This is a replica of a comment I made at another site. As of 23:55 EST on 21st January, it hasn’t been release from moderation. Perhaps the moderator is busy. I do not know. I am proceeding as if it will not be released, because I will be too busy during the next week or so to monitor.
I am posting this as an expansion of an opinion I offered in public a few months ago, unable to include these ideas because the opinion was strongly constrained by time.
[From a fellow Commentor:]
So, who IS going to fix it? Oh, wait—-I know—-the free market that gave us the problem in the first place!
I’m hoping that the judiciary, via the Public Trust doctrine, might force the government to fix this. Professor Mary Wood’s book, Nature’s Trust, makes it very clear that Executive branch agencies entrusted with the preservation of the natural world become a licensing mechanism for permitting its wholesale destruction, in large measure, as you imply, by the “free market forces” leaning upon government. But that behavior appears ingrained in the Executive, and it doesn’t know how or what else to do without a guiding constraint. They’d do it, in other words, even without the lobbying lean, simply because there are non-business, non-corporate constituencies out there who don’t like to be constrained. Plenty of examples in the book. The American University Law Review article is a good synopsis.

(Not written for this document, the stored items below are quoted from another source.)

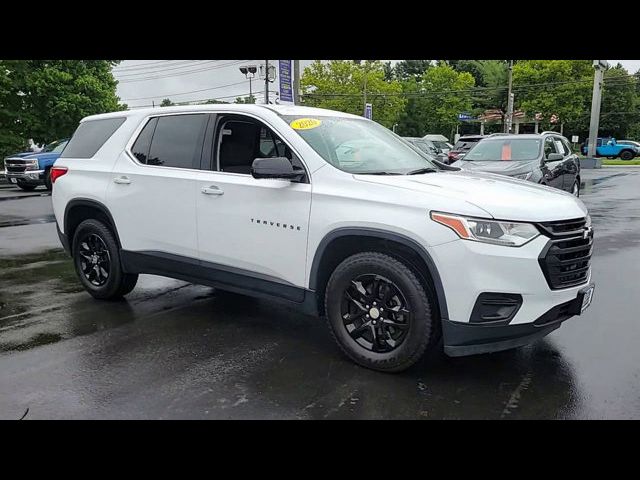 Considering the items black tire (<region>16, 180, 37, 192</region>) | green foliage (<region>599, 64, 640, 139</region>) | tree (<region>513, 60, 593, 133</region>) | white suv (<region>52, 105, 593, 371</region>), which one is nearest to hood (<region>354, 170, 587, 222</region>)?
white suv (<region>52, 105, 593, 371</region>)

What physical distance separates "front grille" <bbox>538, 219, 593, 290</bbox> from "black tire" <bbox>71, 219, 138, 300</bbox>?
4.05 metres

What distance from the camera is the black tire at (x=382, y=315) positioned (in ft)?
12.0

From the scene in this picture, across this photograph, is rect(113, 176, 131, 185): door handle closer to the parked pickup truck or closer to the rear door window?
the rear door window

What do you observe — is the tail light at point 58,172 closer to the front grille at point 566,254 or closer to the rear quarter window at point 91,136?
the rear quarter window at point 91,136

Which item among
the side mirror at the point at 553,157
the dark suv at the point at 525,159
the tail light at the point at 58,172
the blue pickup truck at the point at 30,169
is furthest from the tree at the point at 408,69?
the tail light at the point at 58,172

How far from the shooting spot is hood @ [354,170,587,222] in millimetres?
3537

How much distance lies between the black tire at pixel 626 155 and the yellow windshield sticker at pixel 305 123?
146 feet

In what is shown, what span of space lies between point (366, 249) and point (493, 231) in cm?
93

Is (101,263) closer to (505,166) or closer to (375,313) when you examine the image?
(375,313)

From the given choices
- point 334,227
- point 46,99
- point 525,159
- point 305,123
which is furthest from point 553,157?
point 46,99

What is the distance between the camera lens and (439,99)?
204 ft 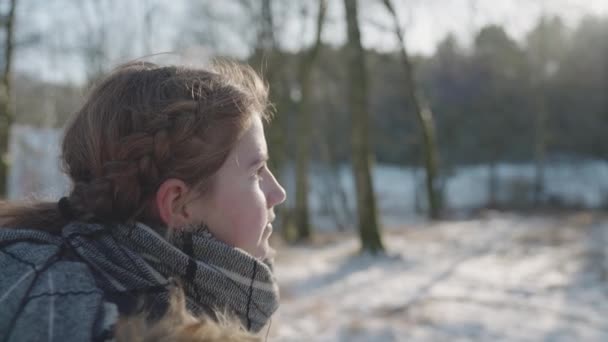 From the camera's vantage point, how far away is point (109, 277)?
3.47ft

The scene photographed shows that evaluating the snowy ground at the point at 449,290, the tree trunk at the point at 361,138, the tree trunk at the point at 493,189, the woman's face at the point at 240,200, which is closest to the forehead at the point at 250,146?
the woman's face at the point at 240,200

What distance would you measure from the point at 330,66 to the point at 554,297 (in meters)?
13.6

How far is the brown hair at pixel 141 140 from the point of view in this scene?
1.14 meters

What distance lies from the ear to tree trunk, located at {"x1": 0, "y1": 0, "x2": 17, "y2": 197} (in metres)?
11.9

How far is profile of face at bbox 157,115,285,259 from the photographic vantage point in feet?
4.03

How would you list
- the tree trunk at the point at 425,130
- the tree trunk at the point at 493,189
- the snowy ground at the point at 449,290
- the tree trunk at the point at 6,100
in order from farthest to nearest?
the tree trunk at the point at 493,189
the tree trunk at the point at 425,130
the tree trunk at the point at 6,100
the snowy ground at the point at 449,290

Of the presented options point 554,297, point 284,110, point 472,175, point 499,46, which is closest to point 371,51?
point 284,110

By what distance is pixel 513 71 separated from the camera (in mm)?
25125

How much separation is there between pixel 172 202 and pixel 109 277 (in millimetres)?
214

But, there is an aspect to notions of harm in case law which suggests that if a condition is shared by a large population, and, in this case, all the population, there is no standing to sue. The harm must be differentiated and special. This aspect is what darkens my view of this avenue. If we get that far, the other darkening comes from the likelihood that the remedy Juliana seeks would be granted in a form which has any resemblance to the original.
As I have said publicly,
For should the plaintiffs of Juliana fail, the last government branch, the judiciary, abdicates responsibility for solving this urgent problem. And so the Constitution will have failed one of its existential requirements: To provide for the common defense. For Nature has laws, too, and we have been breaking them for a long time, ever more intensely. But Nature does not have courts of grievance or redress. Nature just acts. In a catastrophic sea level rise, perhaps triggered by a collapse of a distant ice sheet, Moakley Courthouse itself, the land you stand on would be lost, and all that there [City of Boston]. While disappointing, were Juliana to be overturned, this should not be a reason for despair. It would not mean the Constitution should be replaced. It would just mean it is useless for solving certain kinds of critically important problems. Its failure would imply the Constitution is becoming a dusty, old thing, irrelevant, like the Articles of Confederation are to us, a ceremonial relic. Let’s hope not.

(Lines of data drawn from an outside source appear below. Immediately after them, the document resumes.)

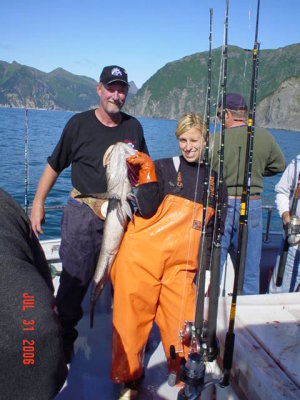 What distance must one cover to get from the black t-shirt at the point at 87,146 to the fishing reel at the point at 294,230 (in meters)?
1.83

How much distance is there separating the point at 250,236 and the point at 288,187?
2.40ft

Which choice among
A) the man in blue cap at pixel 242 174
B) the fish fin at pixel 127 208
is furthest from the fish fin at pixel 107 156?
the man in blue cap at pixel 242 174

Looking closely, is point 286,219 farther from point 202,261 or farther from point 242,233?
point 202,261

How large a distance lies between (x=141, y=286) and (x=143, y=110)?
154 metres

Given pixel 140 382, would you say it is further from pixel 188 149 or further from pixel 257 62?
pixel 257 62

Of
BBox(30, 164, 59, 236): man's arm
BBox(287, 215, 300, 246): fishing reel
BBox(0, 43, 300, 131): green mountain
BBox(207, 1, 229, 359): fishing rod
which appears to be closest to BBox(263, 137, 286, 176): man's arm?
BBox(287, 215, 300, 246): fishing reel

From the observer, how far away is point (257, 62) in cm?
310

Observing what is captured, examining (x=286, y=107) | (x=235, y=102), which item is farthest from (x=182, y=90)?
(x=235, y=102)

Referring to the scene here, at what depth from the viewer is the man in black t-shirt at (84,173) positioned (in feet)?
9.72

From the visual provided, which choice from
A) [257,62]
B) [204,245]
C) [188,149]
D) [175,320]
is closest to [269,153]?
[257,62]

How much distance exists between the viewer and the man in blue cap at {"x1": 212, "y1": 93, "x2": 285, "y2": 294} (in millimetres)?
3680

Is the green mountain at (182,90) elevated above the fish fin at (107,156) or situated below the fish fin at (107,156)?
above

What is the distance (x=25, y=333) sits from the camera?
38.2 inches

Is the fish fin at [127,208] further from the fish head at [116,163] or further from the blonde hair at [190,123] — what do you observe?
A: the blonde hair at [190,123] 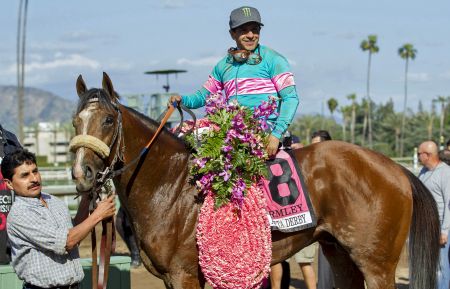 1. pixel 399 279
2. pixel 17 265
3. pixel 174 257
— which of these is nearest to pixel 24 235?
pixel 17 265

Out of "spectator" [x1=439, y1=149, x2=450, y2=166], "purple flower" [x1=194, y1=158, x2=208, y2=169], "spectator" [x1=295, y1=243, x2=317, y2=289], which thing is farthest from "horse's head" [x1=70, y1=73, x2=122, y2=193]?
"spectator" [x1=439, y1=149, x2=450, y2=166]

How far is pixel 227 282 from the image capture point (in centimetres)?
506

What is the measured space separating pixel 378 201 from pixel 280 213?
2.73 feet

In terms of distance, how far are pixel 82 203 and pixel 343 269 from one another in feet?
7.67

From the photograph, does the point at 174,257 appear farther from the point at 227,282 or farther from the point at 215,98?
the point at 215,98

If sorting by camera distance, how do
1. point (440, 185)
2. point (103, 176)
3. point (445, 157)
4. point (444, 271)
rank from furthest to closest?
point (445, 157) < point (444, 271) < point (440, 185) < point (103, 176)

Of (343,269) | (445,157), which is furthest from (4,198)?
(445,157)

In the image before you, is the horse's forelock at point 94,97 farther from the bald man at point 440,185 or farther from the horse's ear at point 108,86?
the bald man at point 440,185

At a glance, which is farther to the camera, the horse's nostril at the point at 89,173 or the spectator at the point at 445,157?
the spectator at the point at 445,157

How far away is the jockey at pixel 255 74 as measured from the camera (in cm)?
534

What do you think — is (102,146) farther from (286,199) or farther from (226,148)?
(286,199)

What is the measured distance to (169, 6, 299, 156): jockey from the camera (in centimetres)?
534

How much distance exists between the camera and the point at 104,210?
4.46m

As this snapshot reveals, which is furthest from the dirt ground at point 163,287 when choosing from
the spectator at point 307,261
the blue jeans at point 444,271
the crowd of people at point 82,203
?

There will be solutions for solving climate in any case, Constitution or not. They may well be horrifically expensive. And, while there’s no solution without first zeroing emissions, solutions will exist. These will lie beyond the Constitution, I hope Chief Justice Roberts and his colleagues understand the import of that.

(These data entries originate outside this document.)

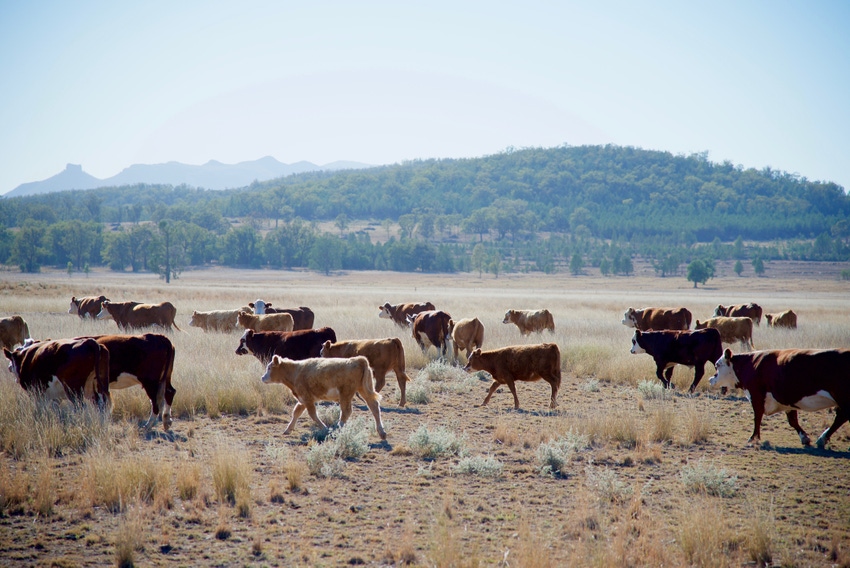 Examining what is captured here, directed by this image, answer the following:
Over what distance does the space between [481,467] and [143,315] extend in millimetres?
18365

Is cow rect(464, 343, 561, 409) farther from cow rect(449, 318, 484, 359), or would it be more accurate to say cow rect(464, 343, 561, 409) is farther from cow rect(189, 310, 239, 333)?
cow rect(189, 310, 239, 333)

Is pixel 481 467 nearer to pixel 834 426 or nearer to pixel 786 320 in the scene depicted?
pixel 834 426

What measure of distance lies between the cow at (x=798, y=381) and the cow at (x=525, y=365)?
3.50 metres

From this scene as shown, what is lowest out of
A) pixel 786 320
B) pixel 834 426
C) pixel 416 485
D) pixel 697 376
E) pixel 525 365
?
pixel 416 485

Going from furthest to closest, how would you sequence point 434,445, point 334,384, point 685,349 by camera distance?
point 685,349
point 334,384
point 434,445

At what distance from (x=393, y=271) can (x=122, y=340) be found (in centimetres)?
11059

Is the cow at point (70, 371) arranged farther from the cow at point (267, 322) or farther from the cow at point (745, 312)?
the cow at point (745, 312)

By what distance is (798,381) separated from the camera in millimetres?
8789

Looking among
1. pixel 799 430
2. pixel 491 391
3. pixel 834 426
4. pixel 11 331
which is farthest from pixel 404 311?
pixel 834 426

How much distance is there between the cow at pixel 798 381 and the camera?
8508 millimetres

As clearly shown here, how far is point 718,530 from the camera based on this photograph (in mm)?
5777

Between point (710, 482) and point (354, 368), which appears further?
point (354, 368)

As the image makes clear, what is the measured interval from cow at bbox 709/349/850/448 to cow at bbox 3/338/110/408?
10395 mm

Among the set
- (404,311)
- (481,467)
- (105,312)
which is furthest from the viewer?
(404,311) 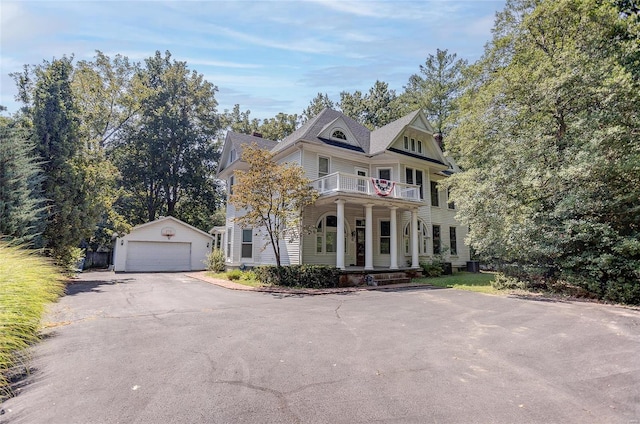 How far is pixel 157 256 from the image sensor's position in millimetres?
24750

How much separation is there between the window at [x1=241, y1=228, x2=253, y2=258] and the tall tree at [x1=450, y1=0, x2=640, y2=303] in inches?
459

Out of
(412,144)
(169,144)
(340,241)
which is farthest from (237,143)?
(169,144)

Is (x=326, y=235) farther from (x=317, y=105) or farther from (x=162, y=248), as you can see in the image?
(x=317, y=105)

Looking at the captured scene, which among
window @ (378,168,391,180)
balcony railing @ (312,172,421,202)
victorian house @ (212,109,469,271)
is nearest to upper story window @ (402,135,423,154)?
victorian house @ (212,109,469,271)

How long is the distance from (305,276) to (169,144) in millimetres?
26962

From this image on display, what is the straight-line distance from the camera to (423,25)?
28.3 feet

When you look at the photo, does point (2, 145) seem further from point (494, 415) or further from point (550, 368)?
point (550, 368)

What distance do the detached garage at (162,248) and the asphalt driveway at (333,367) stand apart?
54.9 ft

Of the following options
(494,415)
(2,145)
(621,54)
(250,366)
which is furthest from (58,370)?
(621,54)

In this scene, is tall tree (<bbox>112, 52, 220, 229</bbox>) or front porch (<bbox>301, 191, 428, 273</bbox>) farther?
tall tree (<bbox>112, 52, 220, 229</bbox>)

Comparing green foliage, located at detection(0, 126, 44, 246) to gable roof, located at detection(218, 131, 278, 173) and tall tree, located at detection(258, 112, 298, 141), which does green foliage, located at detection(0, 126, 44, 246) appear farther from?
tall tree, located at detection(258, 112, 298, 141)

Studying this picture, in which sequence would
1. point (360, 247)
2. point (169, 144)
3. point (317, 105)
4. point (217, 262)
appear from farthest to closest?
point (317, 105) → point (169, 144) → point (217, 262) → point (360, 247)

Solutions “beyond the Constitution” are solutions where global economic interests decide that climate change must be stopped, for their business is being harmed and their wealth is being lost. The “free market” is no more monolithic than any other group or section of human behavior or collective, and for every company which profits from sale of fossil fuels and use of atmosphere for sewer, there are three or more which simply use them as a means to an end. If a product harms during its use, and the buyer is not forewarned, the buyer, whether individual or corporation, has every right to pursue damages from the purveyor. Beyond that, the buyers have every motivation to band together with the similarly harmed and devise a means of fixing the situation.
The trouble, of course, is to the degree these remedies are extra-governmental and extra-Constitutional, these agents governments have little opportunity to steer these remedies. They might have steered, by participating early on, but the governments, listening to @Gingerbaker’s “Us” chose to pursue the comfortable, uncontroversial paths. To the extent governments cannot fix the problem without the consortium of collective buyers, they’re stuck. This is unfortunate. But this is what happens when fundamental responsibilities are repudiated.
Professor Dan Farber has recently offered his opinion of the status of Juliana. He’s an attorney. I’m not.